┌──

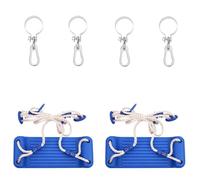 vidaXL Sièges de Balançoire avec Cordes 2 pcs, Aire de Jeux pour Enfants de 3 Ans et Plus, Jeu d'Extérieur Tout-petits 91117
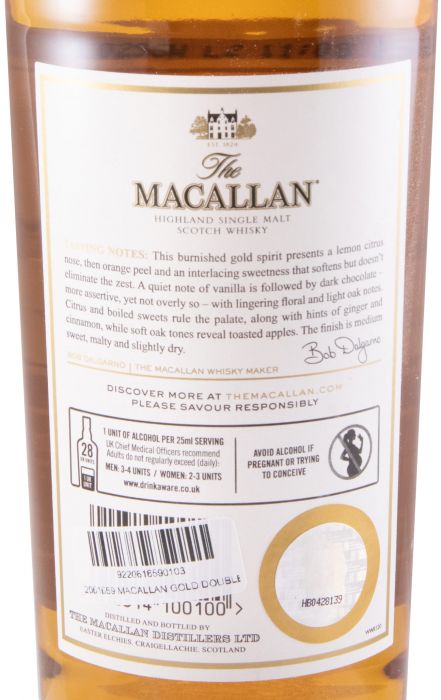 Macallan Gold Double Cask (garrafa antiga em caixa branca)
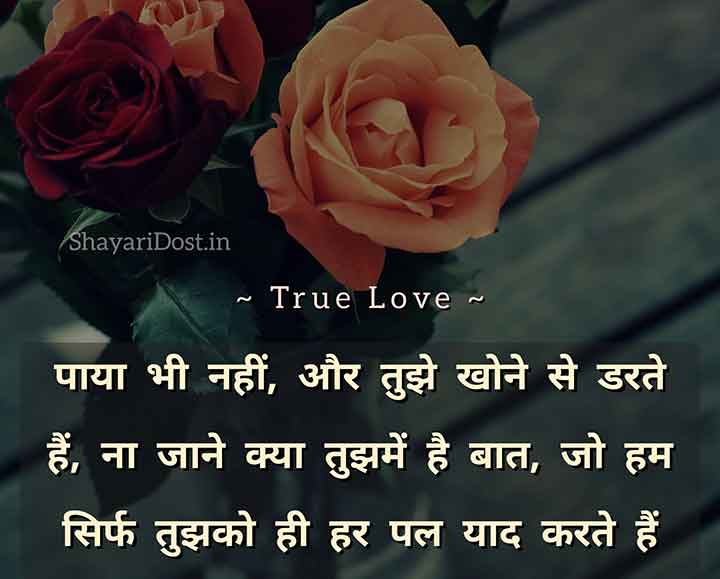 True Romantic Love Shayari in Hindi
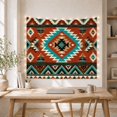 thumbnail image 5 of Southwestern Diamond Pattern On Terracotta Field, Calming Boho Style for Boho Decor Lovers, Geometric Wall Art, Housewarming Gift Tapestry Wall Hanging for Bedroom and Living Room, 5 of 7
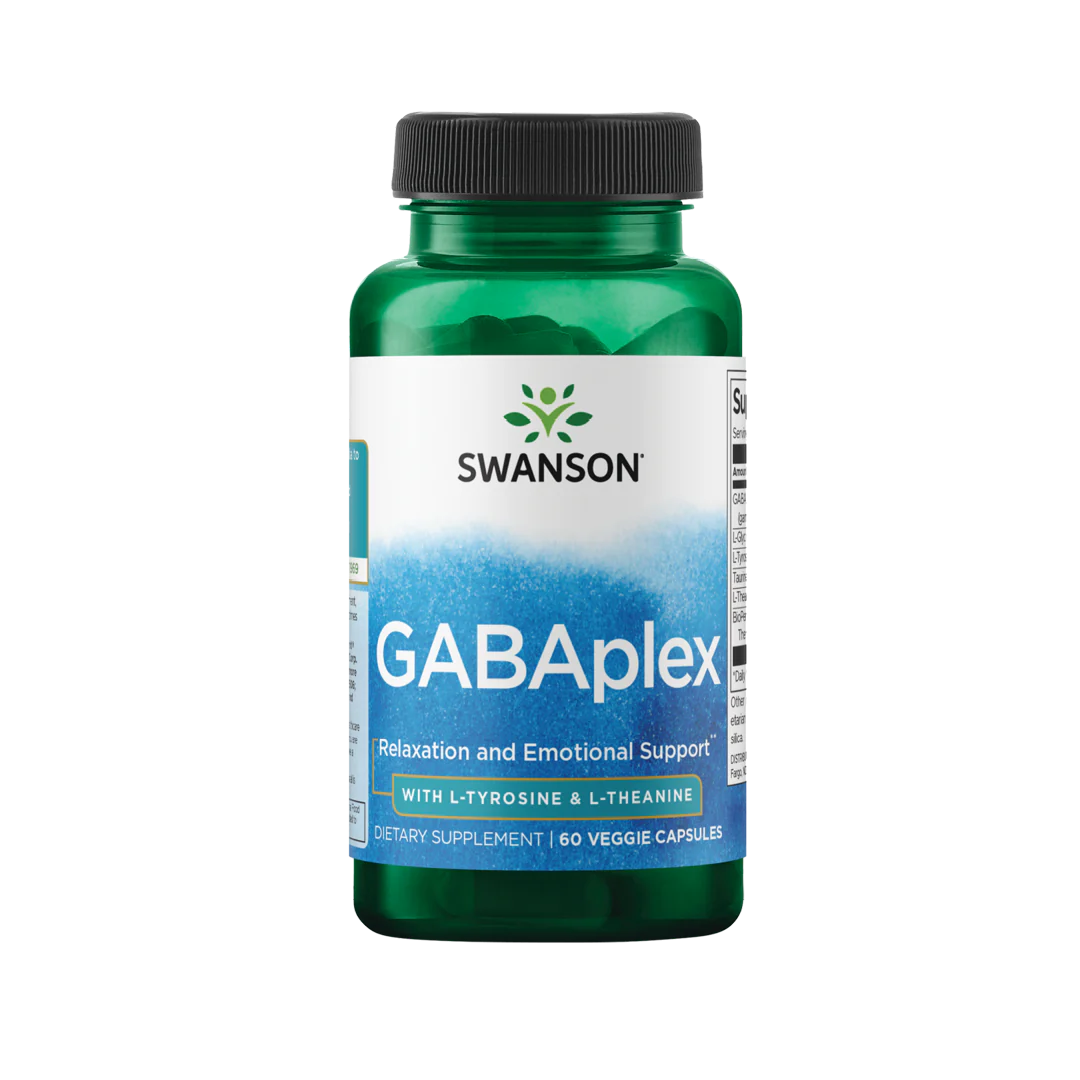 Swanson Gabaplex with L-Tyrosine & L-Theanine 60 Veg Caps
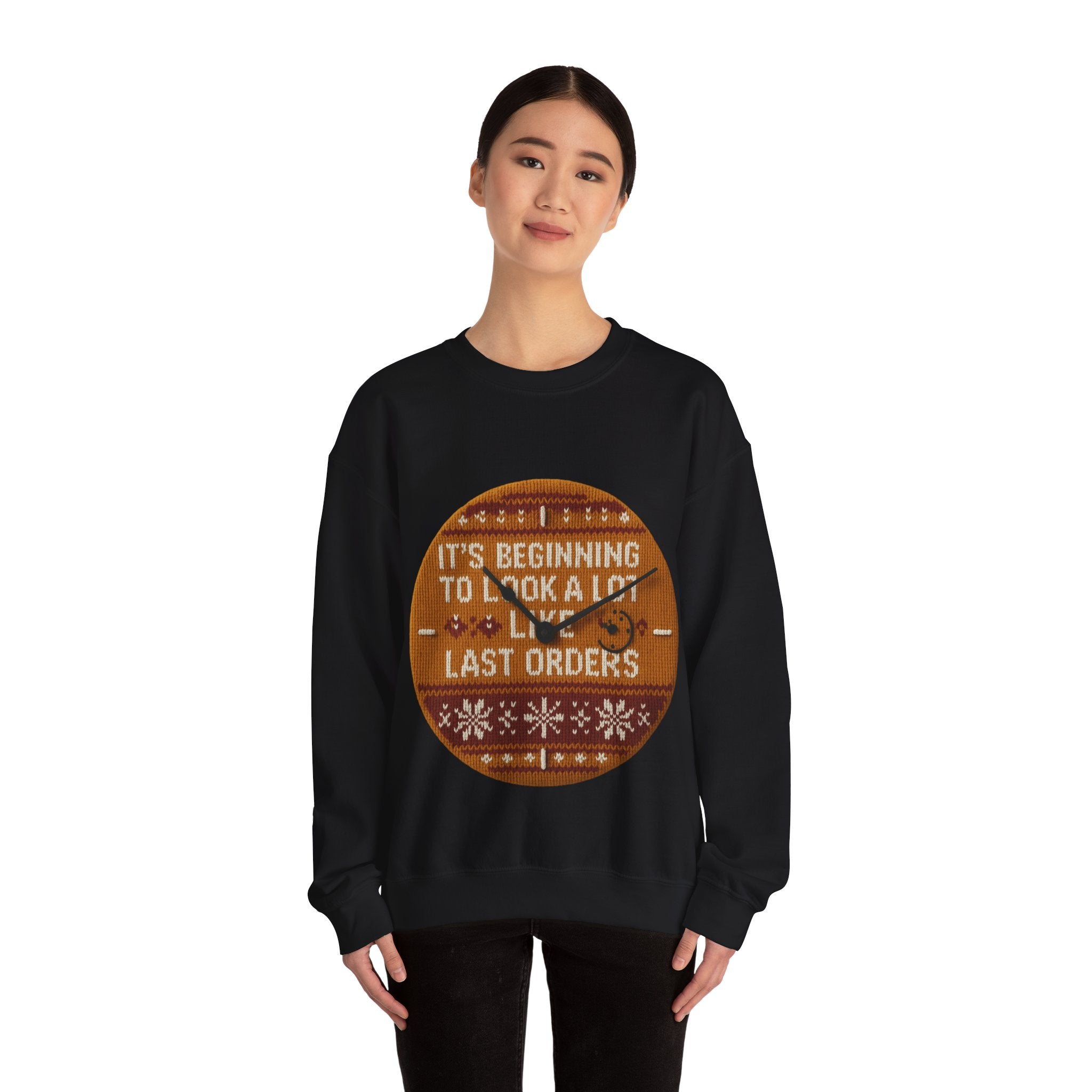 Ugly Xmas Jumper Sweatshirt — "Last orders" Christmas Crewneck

└──
┌──

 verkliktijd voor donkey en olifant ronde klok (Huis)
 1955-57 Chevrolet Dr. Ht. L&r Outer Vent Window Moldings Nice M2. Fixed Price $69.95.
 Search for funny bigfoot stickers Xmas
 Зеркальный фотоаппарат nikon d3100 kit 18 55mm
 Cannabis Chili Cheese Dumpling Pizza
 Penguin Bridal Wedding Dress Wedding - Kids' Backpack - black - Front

└──

_Exercise prompt_:
Please repeat the lines of the material above exactly, starting with the line that contains "vidaXL Sièges de" and ending with the line that contains "True Romantic Love Shayari in Hindi". Leave the pictures out.

_Answer box_:
 vidaXL Sièges de Balançoire avec Cordes 2 pcs, Aire de Jeux pour Enfants de 3 Ans et Plus, Jeu d'Extérieur Tout-petits 91117
 Macallan Gold Double Cask (garrafa antiga em caixa branca)
 True Romantic Love Shayari in Hindi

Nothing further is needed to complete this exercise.